Classifying bank notes as real or fake

The data set we are going to work with for this exercise was prepared by a group of machine learning researchers who had access to examples of both real and forged European bank notes. They took pictures of each note and compressed the images using a wavelet transform. As a side effect of the compression algorithm they extracted a set of four numerical features for each note.

The data set we will work with for this assignment consists of two data files. The file data.txt contains 1097 entries in the form

-2.62,-6.8555,6.2169,-0.62285,1

The first four numbers in the line are the four features, while the fifth number gives the classification: 0 for real and 1 for fake.

The second data file, test.txt, has the same format and stores 275 test cases that we can use to evaluate the performance of the algorithm. For each of the 275 members of the test case we will present the four feature values to the algorithm and ask it to predict what class the item belongs to. We can then compare the predicted classes against the actual classes of each test case.

Evaluating the performance of a classifier

When we evaluate a test case there will be four possible outcomes. A true positive is a case where the note is fake and the algorithm predicts that it is fake. A true negative negative is a case where the note is real and the algorithm correctly predicts that it is real. In a false positive the algorithm mistakenly predicts that a real note is fake. In a false negative the algorithm mistakenly classifies a fake note as real.
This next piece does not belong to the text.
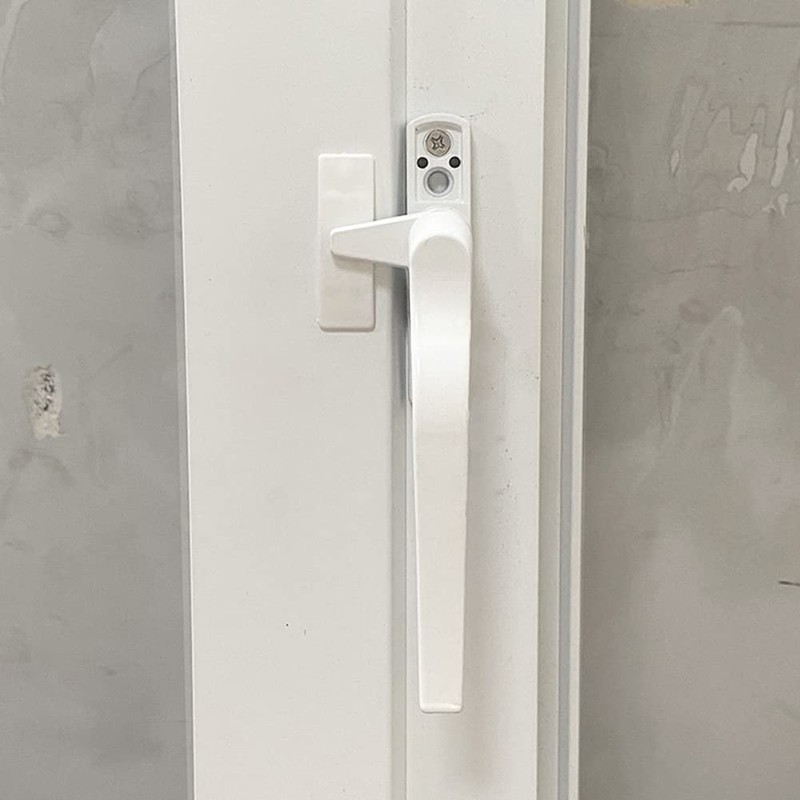 Lokatall Window Handle Replacement Window Handle, Universal Double UPVC Window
A convenient way to summarize the performance of a classification algorithm on a test data set is to set up a confusion matrix, which shows how many examples of each of the four possible outcomes we saw:

Actual RealActual Fake
Predicted RealTNFN
Predicted FakeFPTP

Additionally, we compute two additional metrics from this data. The precision of the model is

which measures what fraction of the examples the model predicted fake were actually fake.
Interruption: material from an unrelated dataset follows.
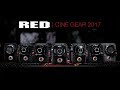 Cine gear expo 2017  shot on red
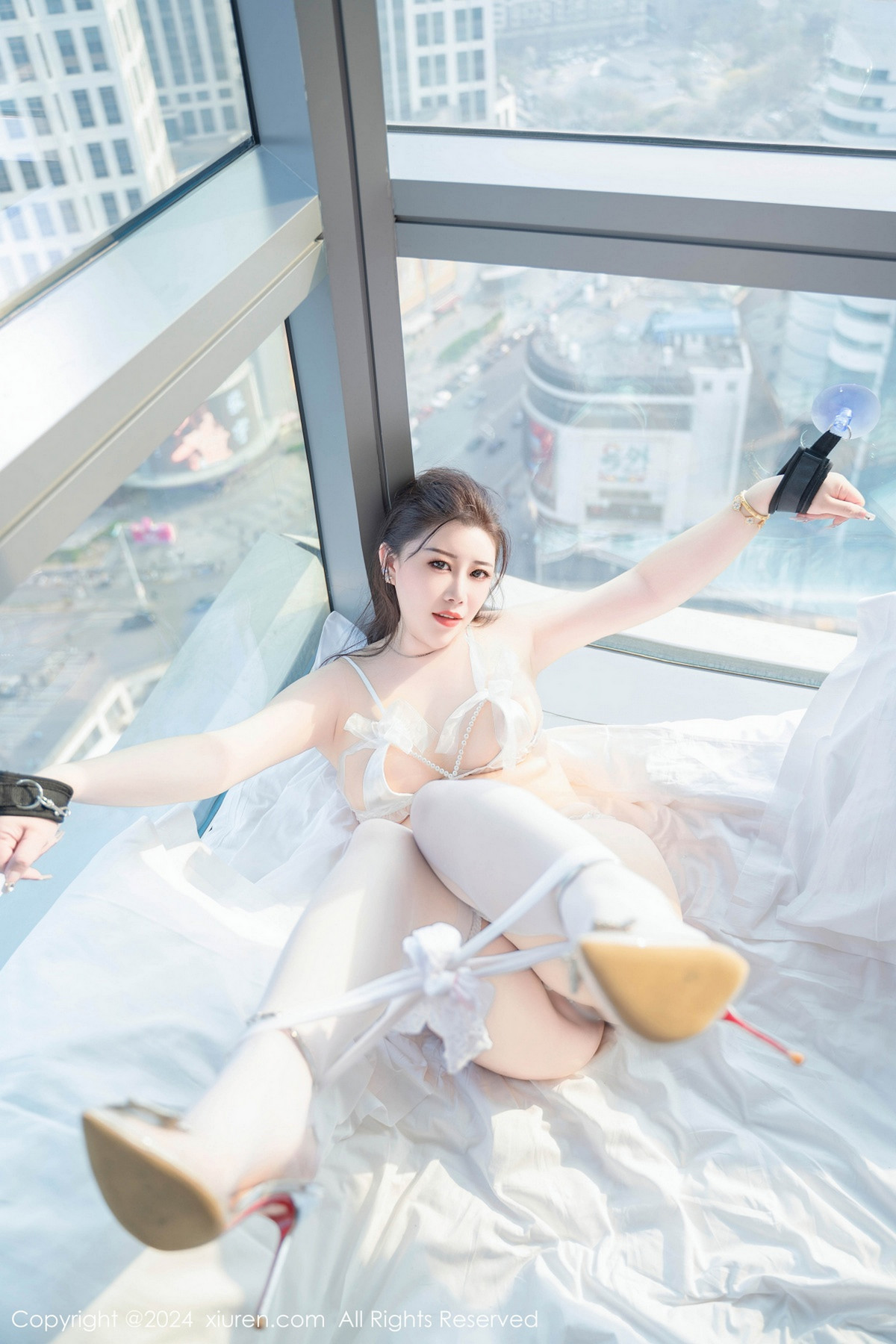 [秀人网] 2024.07.10 No.8837 王婉悠Queen 妩媚丰腴  第70张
The recall of the model is

which measures what fraction of the actually fake notes the model correctly classified as fake.

The k-nearest neighbors model

The machine learning model we will use to classify the banknotes is one of the simplest such models, the k-nearest neighbors model. The basic idea behind this model is the assumption that the two classes involved in the problem will cluster in distinct regions in space. When we have to classify a data point we have never seen before, we can look at its immediate neighbors to see what they are doing. If most of the immediate neighbors belong to a particular class, we will guess that the new point belongs to that class as well.

Here is an outline of the classification algorithm.

  1. We input a new point p from the test set that needs to be classified.
  2. We compute the distance from that point to every point in the training set.
  3. We select the k points from the training set that are closest to p.
  4. If the majority of those k points belong to a particular class, we guess that p belongs to that same class.

Programming assignment

Below you will find links to two files containing the data sets for this exercise.

Training Data Set

Test Data Set

Write a program that reads the training and test data sets from their respective files. Since the data items on each line of the input sets are separated by commas, you will need to use split(",") instead of split() to split each line of the input files into distinct data items.

Once your program has read the input data, it should use the k-nearest neighbors model with k = 5 to classify each of the points from the test data set. Compare the classifications generated by the model with the actual classes for each item in the test data set, and construct a confusion matrix from the results. Print the confusion matrix along with the precision and recall values.

Helpful hint To make finding the k nearest neighbors for a given test data point easier, construct a tuple with the structure

(distance,class)

for each point in the training set, where distance is the distance from the current test data point and class is the class that the training data point belongs to. If you sort this list of tuples in order of ascending distance values, the first k items in that list will be the distances to the k nearest neighbors of the test data point along with their classes.